→ REQUIRED WORK:
Beginning with the line containing "мдпв Бородино" and going on through the line containing "Racing To School Mares' Handicap Hurdle", the lines below are to be returned exactly, pictures excluded and nothing added.

**** INPUT MATERIAL

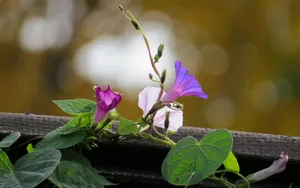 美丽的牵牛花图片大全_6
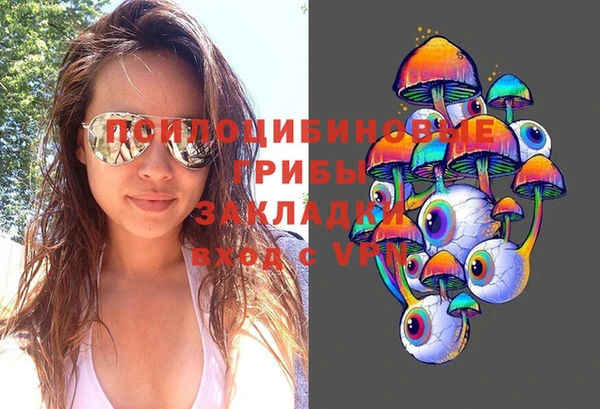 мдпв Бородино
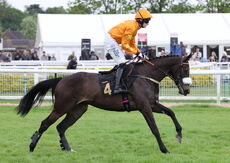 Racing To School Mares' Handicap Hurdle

********
**** INPUT MATERIAL

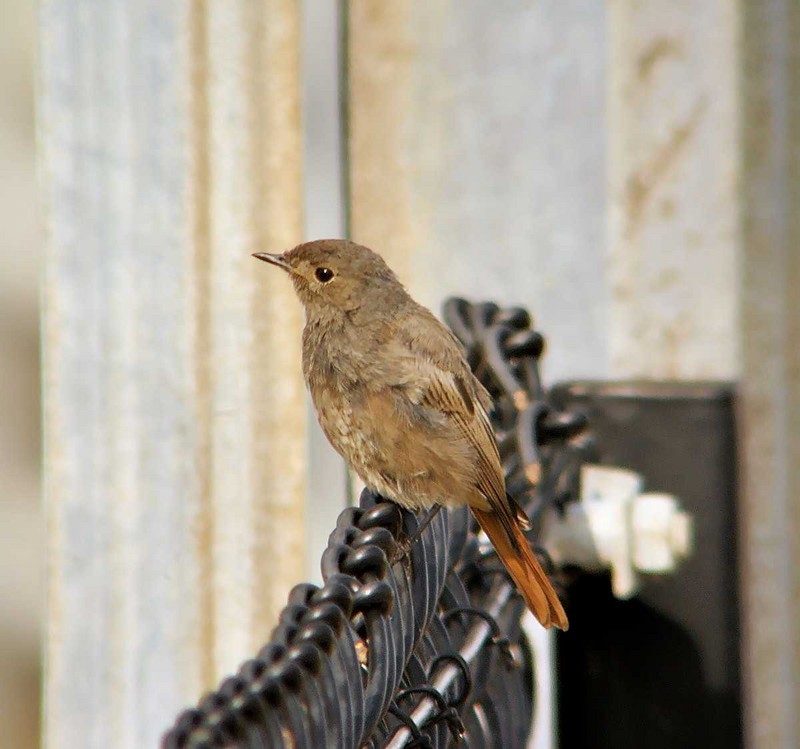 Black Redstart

********
**** INPUT MATERIAL

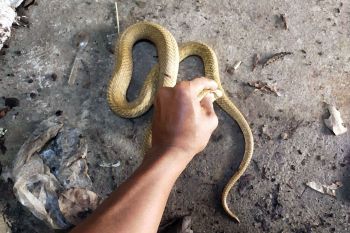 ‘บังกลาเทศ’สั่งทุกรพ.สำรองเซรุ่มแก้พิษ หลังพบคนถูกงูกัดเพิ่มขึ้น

********

→ WRITTEN ANSWER:
 мдпв Бородино
 Racing To School Mares' Handicap Hurdle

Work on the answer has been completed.